My Dog Appears to be Guarding Me and it Makes Him Look Aggressive…. Why?
The short answer is they are trying to protect you. The bigger question is, why?
This is a common situation many of my clients face and ask me about. Over-protective behaviour occurs frequently, and odds are, you will have experienced this especially if you have multiple dogs. Guarding behaviours typically involve lunging, barking and snapping at other people; less than ideal when out in public.
The first step in addressing these problems is to understand the root cause of these behaviours. It can sometimes be difficult for owners to comprehend these sort of behaviours – on the surface it may look like your dog is attempting to protect you by being an overzealous guardian but more likely than not, they are actually protecting themselves.
The self-protection gradually evolves into over-active guard behaviour that extends to the whole pack i.e. you, as the owner.
Usually that first lunge or snap at a passer-by is triggered because the dog feels threatened; the dog is insecure and afraid. This fear can then change into protective behaviour in two main ways:
1)If a dog perceives someone or something as a threat, it is easy for the dog to perceive this threat against the group, not just itself. Importantly, this alone does not necessarily result in aggressive displays.
We must remember that ‘canine society’ is hierarchical in nature with high ranking members carrying out a number of important functions including protection and taking the lead in threatening or dangerous situations.
So, does that mean your dog thinks he is your leader and protecting you? Is your dog dominant over you?
Almost certainly not. The most accurate explanation is that your dog doesn’t have faith in YOUR leadership. They aren’t assuming a leadership role, but they also don’t think you are up to the task. Naturally, this leads to insecurities when it comes to perceived threats. The truth is that among domestic dogs, there are few truly dominant animals. When dogs who are not naturally inclined to be leaders take up a leadership position, they can anxious and stressed which contributes to the irrational nature of their responses.
2) The second way this behaviour emerges is related to the point above but also distinct in certain ways. Something which I think we all forget is that we are animals too and fall foul of many behavioural tropes similar to dogs, often without realising. For example, when you dog lunges at someone of something unexpectedly this can be a shocking experience and quite distressing for some owners. After several of these sorts of experiences, we can very quickly become programmed via classical conditioning – in this case a conditioned emotional response.
You may begin to fear that jogger or push chair approaching because you know what is about to happen.Not only is your dog already nervous of them approaching but they now sense your anxiety as well leading to a cascade of fear and uncertainty.
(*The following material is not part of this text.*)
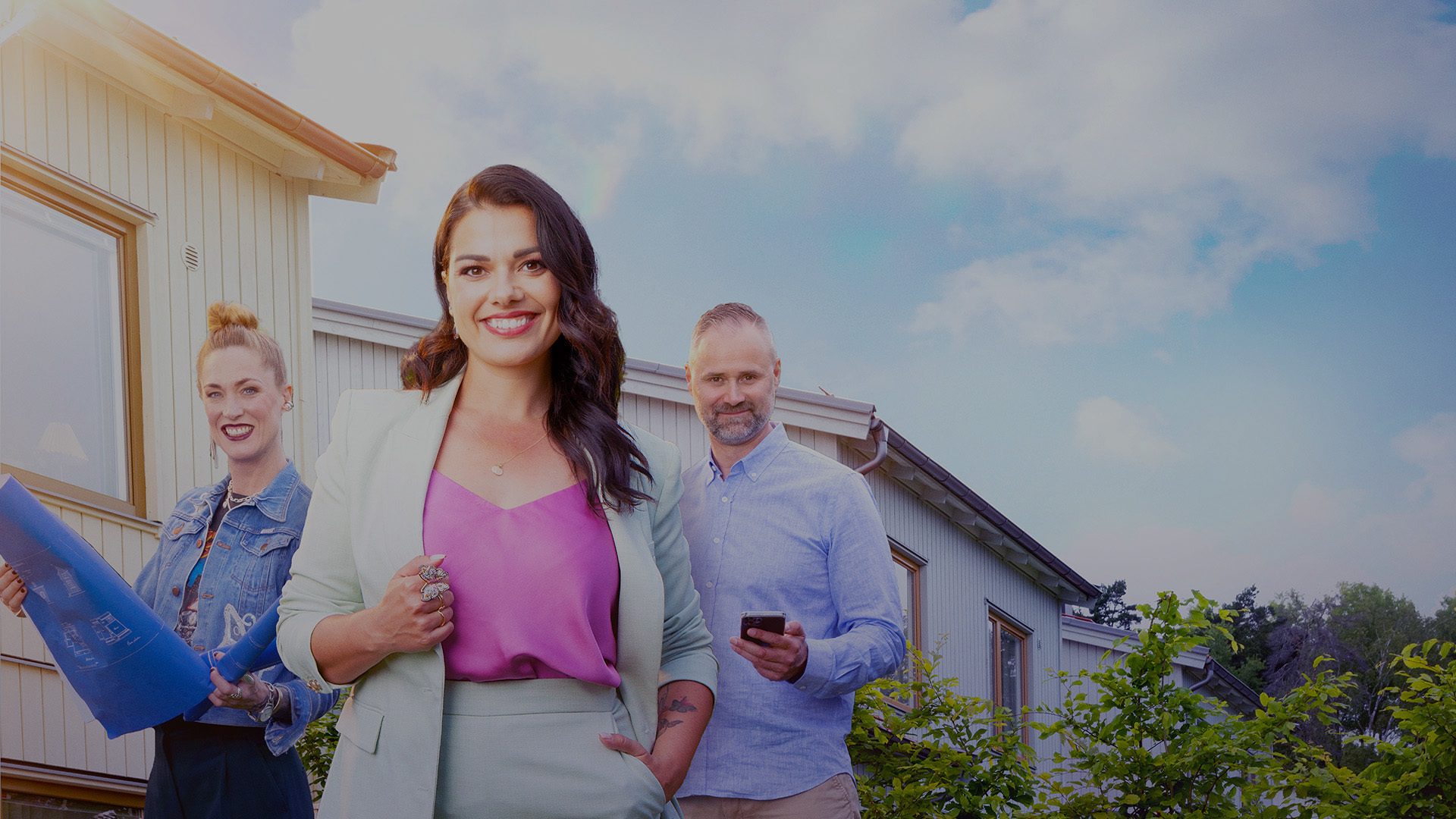 Smile, Outerwear, Sky, Cloud, House, Happy, Leisure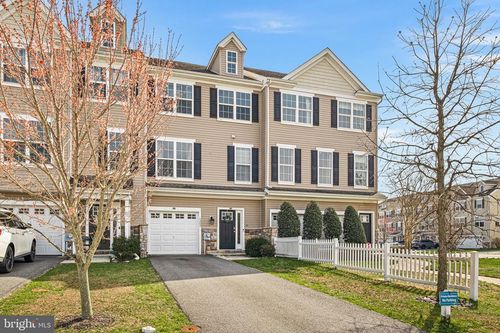 1302 Carrick Ct, MIDDLETOWN, DE, 19709-9967 | Card Image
Something so important when you are a leader (or if you hope to become one), is to remain calm and controlled in conditions of threat or danger. Your behaviour, while not obvious to you, is obvious to your dog and YOU must set the example. If you remain fearful of these situations, your anxiety and fear essentially validate your dog’s position and behavioural responses. If they see you all worked up over an approaching jogger, they think they are right to feel the same and act the way they do.
Your dog has no way of knowing that you aren’t afraid of the jogger or the approaching ‘threat’ and you are afraid of what your dog might do. All they see is:
Jogger approaches -> You get nervous -> A need to react and defend
To embark on a clear path to training, we need to appreciate and understand these underlying behaviours as best as we possibly can. If we don’t understand these factors it can leave us frustrated and confused when we don’t see the progress, we expect during training.
Where to begin?
The first place to start is to check the foundation of the relationship between you and your dog – what do you represent to them.
Without going into immense detail, your focus should be on fostering and developing a relationship with your dog that encourages leadership through clear and consistent boundaries and direction. Think about regulating valued resources and be aware of your own tone, energy and body language as you interact with your dog. It’s a good idea to frequently run a check on your emotions while you are out and about with your dog, especially in crowded situations or environments where you think your dog might react poorly.
Dig deep and overpower the urge to feel anxious when ‘threats’ approach. This will get easier with time. Keep your head high and believe that you are the leader you are meant to be. Do this consistently and your dog will notice, training will be more effective, and harmony can be restored to your dog-owner relationship.